**Record excerpts**
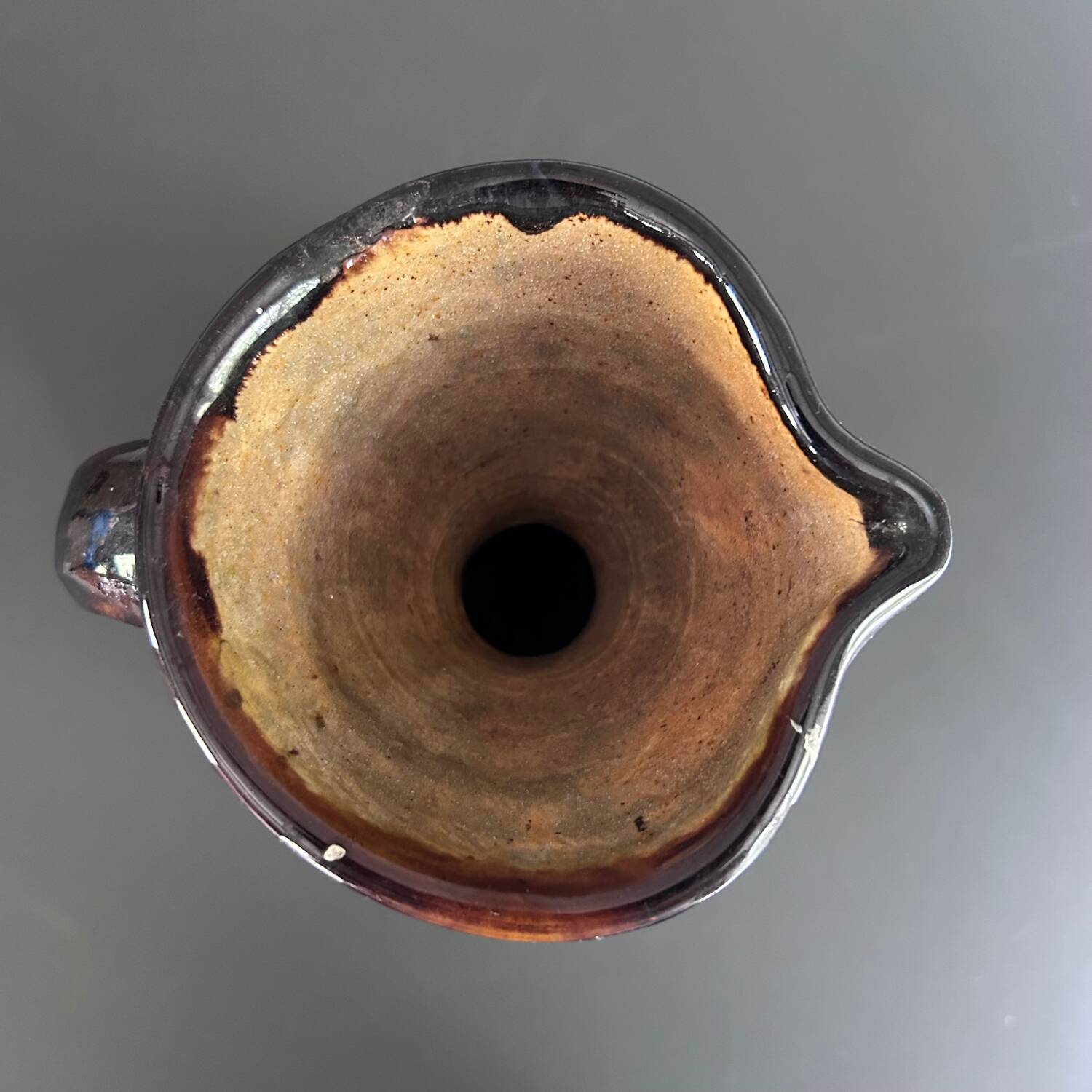 Black vase with yellow flowers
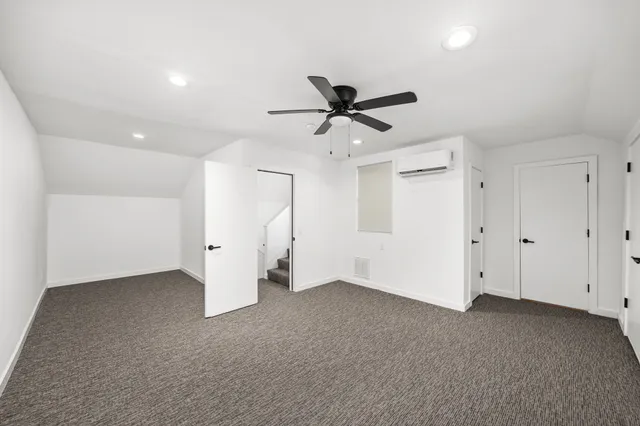 a view of an empty room with a ceiling fan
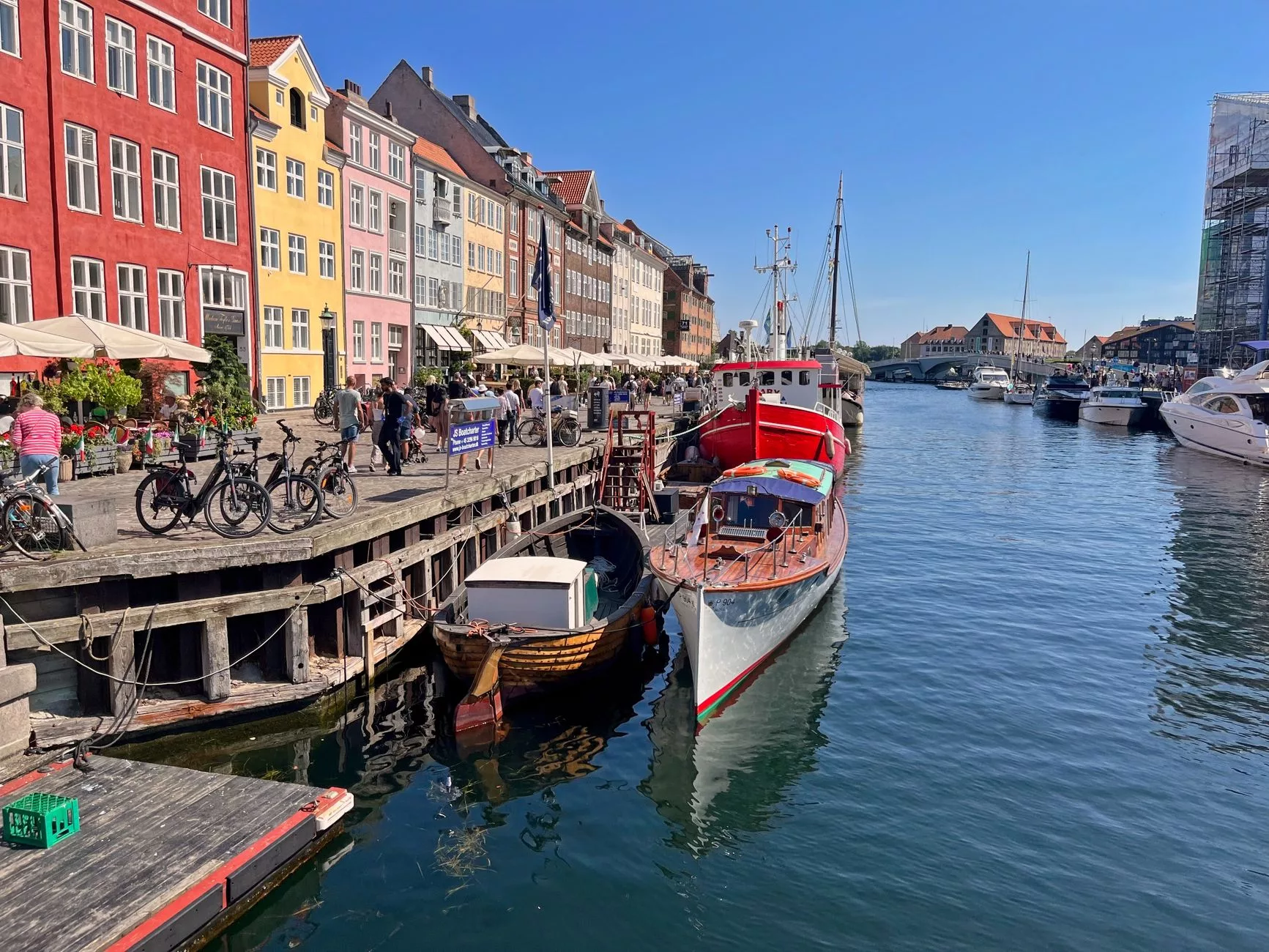 Kopenhag Nyhavn kanalı kenarında bisikletiyle duran solo seyahatçi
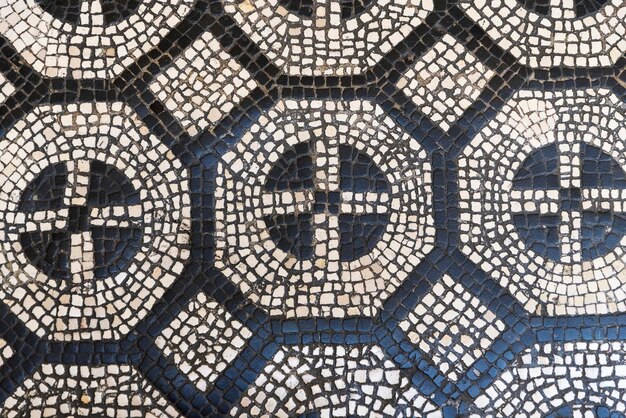 Mosaic on the floor in the shape of a cross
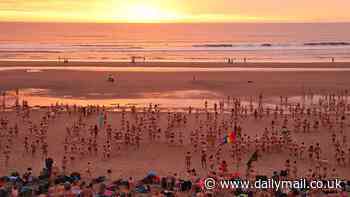 Nude awakening! 1,200 brave skinny dippers dash into the freezing North Sea for charity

**How to complete this task**
The copy should start at the line that contains "a view of an empty room with a ceiling fan", end at the last line of the entries above, and match each line exactly, with pictures dropped.

**Solution for this exercise**
 a view of an empty room with a ceiling fan
 Kopenhag Nyhavn kanalı kenarında bisikletiyle duran solo seyahatçi
 Mosaic on the floor in the shape of a cross
 Nude awakening! 1,200 brave skinny dippers dash into the freezing North Sea for charity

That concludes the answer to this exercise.